▸ **TASK DETAILS**: Reproduce the records below in their entirety, exactly as shown.

+-------+

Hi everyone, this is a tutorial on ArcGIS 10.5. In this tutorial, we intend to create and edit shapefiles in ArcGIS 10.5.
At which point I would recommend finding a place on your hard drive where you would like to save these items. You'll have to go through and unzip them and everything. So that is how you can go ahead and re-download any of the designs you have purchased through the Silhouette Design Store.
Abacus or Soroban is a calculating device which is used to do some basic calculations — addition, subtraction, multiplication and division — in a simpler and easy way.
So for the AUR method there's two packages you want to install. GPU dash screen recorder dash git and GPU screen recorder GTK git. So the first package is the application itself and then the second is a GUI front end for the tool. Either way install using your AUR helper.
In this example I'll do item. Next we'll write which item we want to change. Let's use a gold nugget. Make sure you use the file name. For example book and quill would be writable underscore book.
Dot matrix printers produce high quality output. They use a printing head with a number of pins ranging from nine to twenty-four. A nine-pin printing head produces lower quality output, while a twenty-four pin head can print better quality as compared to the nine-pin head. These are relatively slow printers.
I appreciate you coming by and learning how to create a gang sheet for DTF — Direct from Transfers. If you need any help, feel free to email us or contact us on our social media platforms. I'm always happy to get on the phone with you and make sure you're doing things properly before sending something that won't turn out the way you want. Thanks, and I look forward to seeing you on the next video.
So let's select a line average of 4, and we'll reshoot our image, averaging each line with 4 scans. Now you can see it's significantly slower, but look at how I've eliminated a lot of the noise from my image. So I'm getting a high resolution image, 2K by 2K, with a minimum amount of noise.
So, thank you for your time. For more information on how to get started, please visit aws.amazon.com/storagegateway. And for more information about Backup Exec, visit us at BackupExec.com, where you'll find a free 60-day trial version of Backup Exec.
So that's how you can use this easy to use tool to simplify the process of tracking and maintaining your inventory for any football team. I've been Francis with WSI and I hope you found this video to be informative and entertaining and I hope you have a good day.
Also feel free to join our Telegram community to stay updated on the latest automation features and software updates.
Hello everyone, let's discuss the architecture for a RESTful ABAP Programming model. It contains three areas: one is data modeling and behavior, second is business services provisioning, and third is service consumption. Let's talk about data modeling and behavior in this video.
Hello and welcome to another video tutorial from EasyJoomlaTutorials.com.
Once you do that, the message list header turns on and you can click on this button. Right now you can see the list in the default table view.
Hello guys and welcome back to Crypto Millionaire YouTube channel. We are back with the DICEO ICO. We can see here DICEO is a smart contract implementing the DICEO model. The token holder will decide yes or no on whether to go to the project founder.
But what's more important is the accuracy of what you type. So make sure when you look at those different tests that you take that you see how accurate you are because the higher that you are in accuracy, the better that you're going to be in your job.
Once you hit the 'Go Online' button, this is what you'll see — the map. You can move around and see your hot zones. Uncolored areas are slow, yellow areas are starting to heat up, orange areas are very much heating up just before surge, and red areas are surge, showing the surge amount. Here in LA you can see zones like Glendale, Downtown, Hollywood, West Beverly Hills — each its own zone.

+-------+

▸ **REPLY TO THE TASK**:
Hi everyone, this is a tutorial on ArcGIS 10.5. In this tutorial, we intend to create and edit shapefiles in ArcGIS 10.5.
At which point I would recommend finding a place on your hard drive where you would like to save these items. You'll have to go through and unzip them and everything. So that is how you can go ahead and re-download any of the designs you have purchased through the Silhouette Design Store.
Abacus or Soroban is a calculating device which is used to do some basic calculations — addition, subtraction, multiplication and division — in a simpler and easy way.
So for the AUR method there's two packages you want to install. GPU dash screen recorder dash git and GPU screen recorder GTK git. So the first package is the application itself and then the second is a GUI front end for the tool. Either way install using your AUR helper.
In this example I'll do item. Next we'll write which item we want to change. Let's use a gold nugget. Make sure you use the file name. For example book and quill would be writable underscore book.
Dot matrix printers produce high quality output. They use a printing head with a number of pins ranging from nine to twenty-four. A nine-pin printing head produces lower quality output, while a twenty-four pin head can print better quality as compared to the nine-pin head. These are relatively slow printers.
I appreciate you coming by and learning how to create a gang sheet for DTF — Direct from Transfers. If you need any help, feel free to email us or contact us on our social media platforms. I'm always happy to get on the phone with you and make sure you're doing things properly before sending something that won't turn out the way you want. Thanks, and I look forward to seeing you on the next video.
So let's select a line average of 4, and we'll reshoot our image, averaging each line with 4 scans. Now you can see it's significantly slower, but look at how I've eliminated a lot of the noise from my image. So I'm getting a high resolution image, 2K by 2K, with a minimum amount of noise.
So, thank you for your time. For more information on how to get started, please visit aws.amazon.com/storagegateway. And for more information about Backup Exec, visit us at BackupExec.com, where you'll find a free 60-day trial version of Backup Exec.
So that's how you can use this easy to use tool to simplify the process of tracking and maintaining your inventory for any football team. I've been Francis with WSI and I hope you found this video to be informative and entertaining and I hope you have a good day.
Also feel free to join our Telegram community to stay updated on the latest automation features and software updates.
Hello everyone, let's discuss the architecture for a RESTful ABAP Programming model. It contains three areas: one is data modeling and behavior, second is business services provisioning, and third is service consumption. Let's talk about data modeling and behavior in this video.
Hello and welcome to another video tutorial from EasyJoomlaTutorials.com.
Once you do that, the message list header turns on and you can click on this button. Right now you can see the list in the default table view.
Hello guys and welcome back to Crypto Millionaire YouTube channel. We are back with the DICEO ICO. We can see here DICEO is a smart contract implementing the DICEO model. The token holder will decide yes or no on whether to go to the project founder.
But what's more important is the accuracy of what you type. So make sure when you look at those different tests that you take that you see how accurate you are because the higher that you are in accuracy, the better that you're going to be in your job.
Once you hit the 'Go Online' button, this is what you'll see — the map. You can move around and see your hot zones. Uncolored areas are slow, yellow areas are starting to heat up, orange areas are very much heating up just before surge, and red areas are surge, showing the surge amount. Here in LA you can see zones like Glendale, Downtown, Hollywood, West Beverly Hills — each its own zone.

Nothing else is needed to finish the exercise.